START Data section

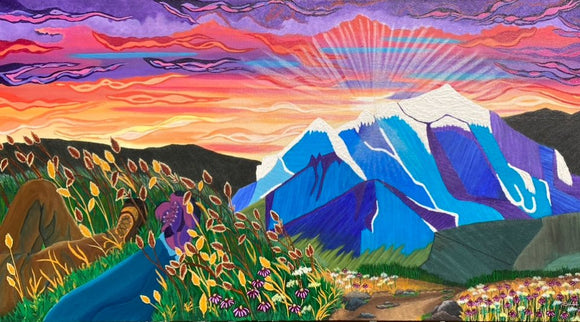 Watching the sunrise over Temple Mountain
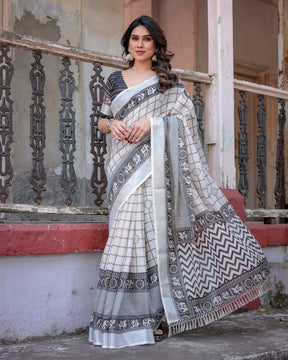 Elegant White Linen Saree with White Lotus Print & Silver Zari Border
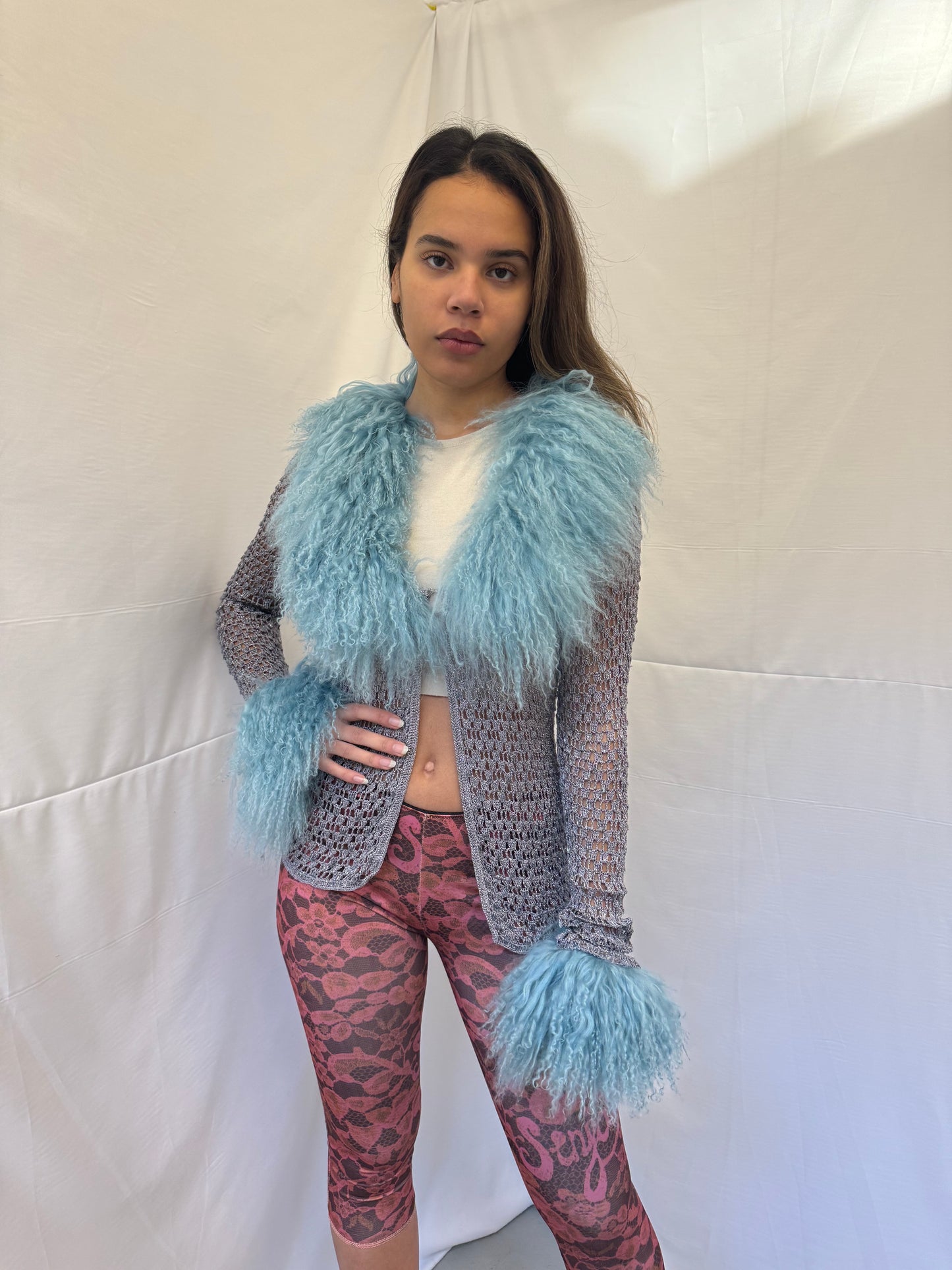 Silver Crochet Cardigan with Blue Mongolian Wool Trims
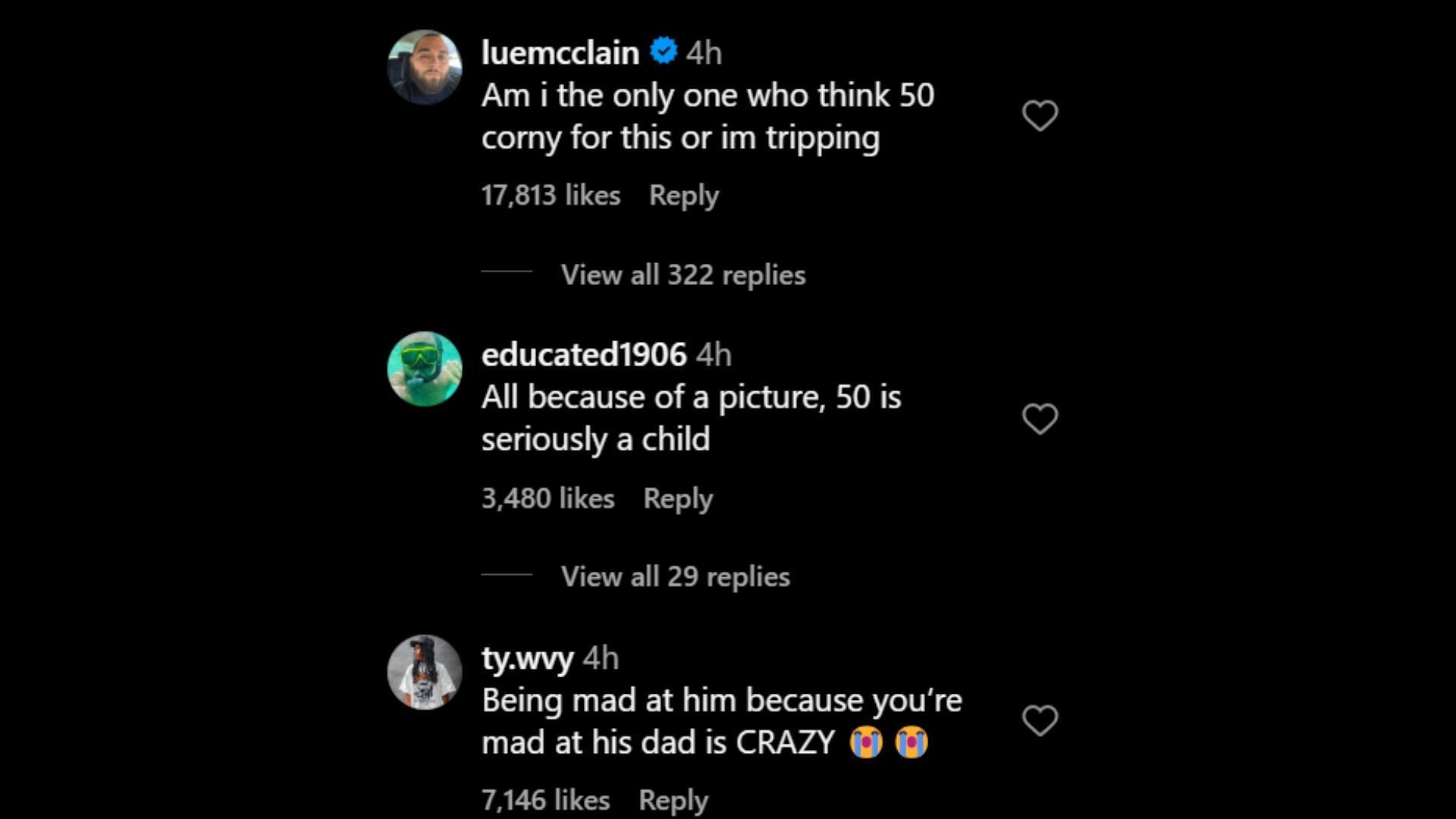 Comments about Cent&#039;s post (Image via Instagram/@theshaderoom)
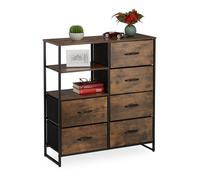 Relaxdays Commode, 6 tiroirs, 3 surfaces, Livres et déco, commode étagère industrie, HxLxP : 92 x 84 x 32 cm, brun/noir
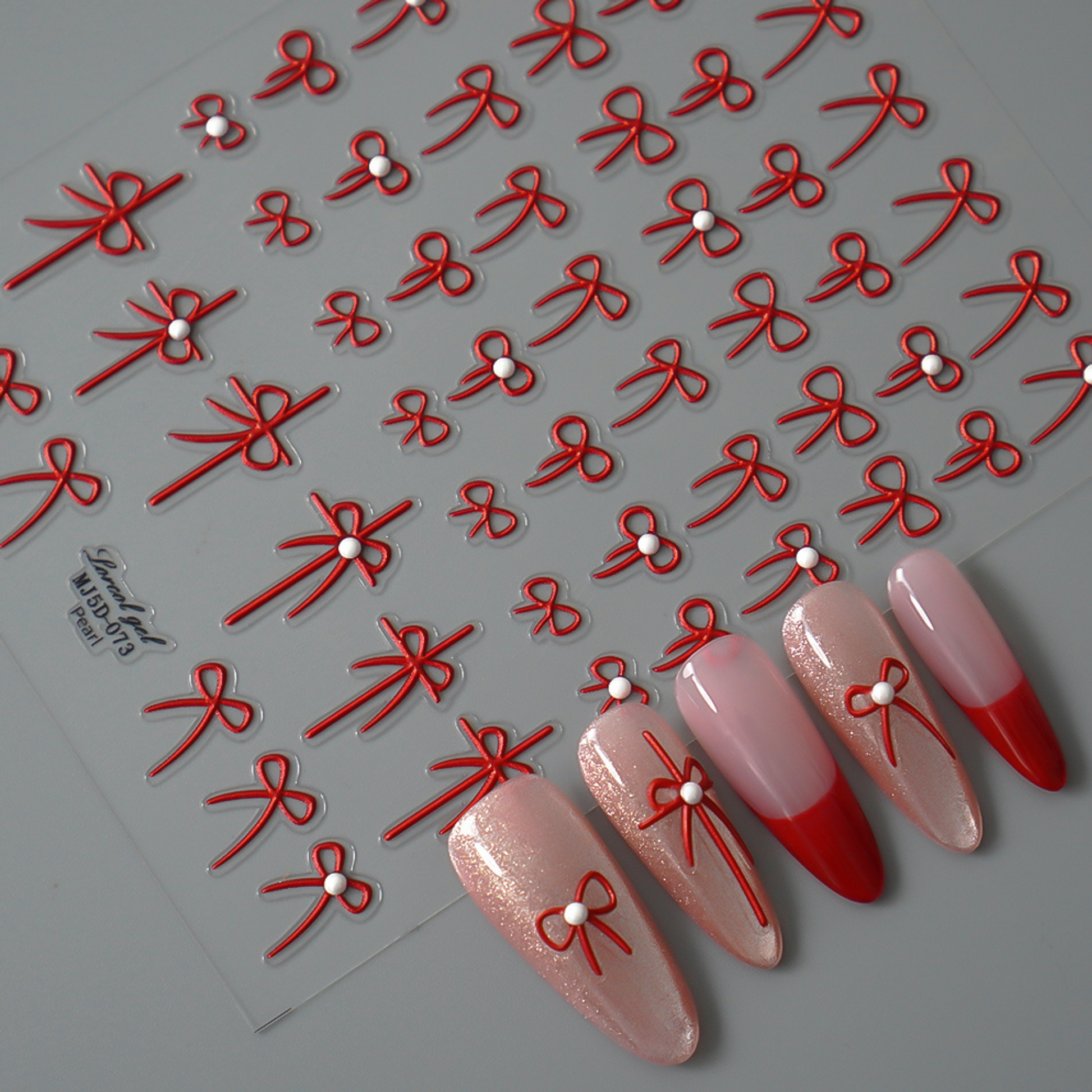 Nail Art Stickers - Red Pearl Bow (MJ5D-073)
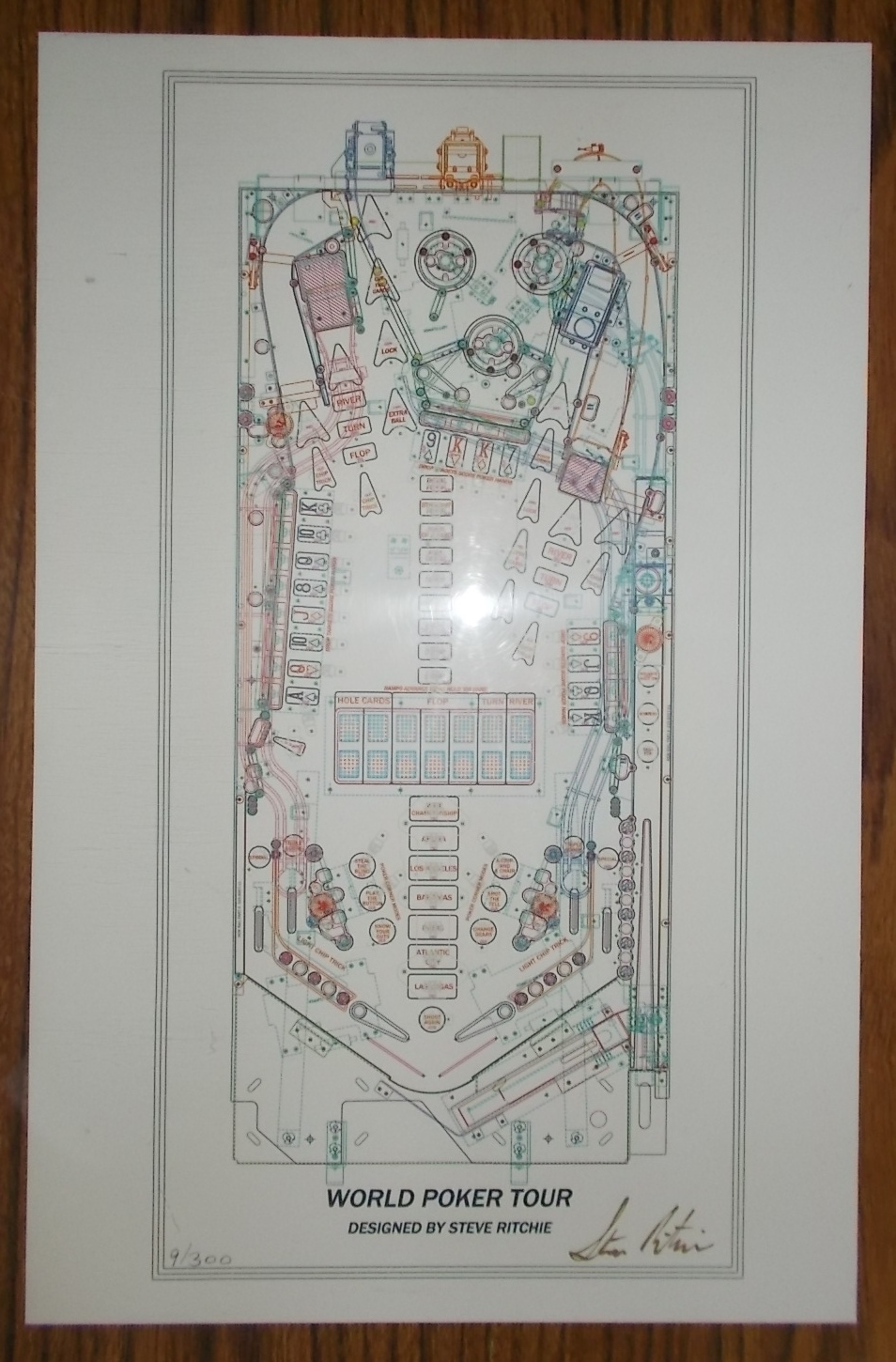 WORLD POKER TOUR Pinball Machine Game Autocad Blueprint Artwork 9/300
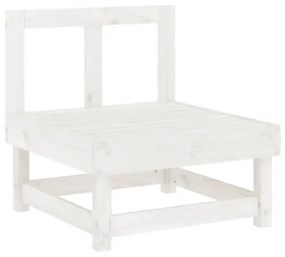 Set Salotto da Giardino 7 pz Bianco in Legno Massello di Pino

END Data section

Your answer must be exactly the lines from the one with "Elegant White Linen" through the last line of the entries, both included, with no pictures; please add nothing else.

* Response to the task *
 Elegant White Linen Saree with White Lotus Print & Silver Zari Border
 Silver Crochet Cardigan with Blue Mongolian Wool Trims
 Comments about Cent&#039;s post (Image via Instagram/@theshaderoom)
 Relaxdays Commode, 6 tiroirs, 3 surfaces, Livres et déco, commode étagère industrie, HxLxP : 92 x 84 x 32 cm, brun/noir
 Nail Art Stickers - Red Pearl Bow (MJ5D-073)
 WORLD POKER TOUR Pinball Machine Game Autocad Blueprint Artwork 9/300
 Set Salotto da Giardino 7 pz Bianco in Legno Massello di Pino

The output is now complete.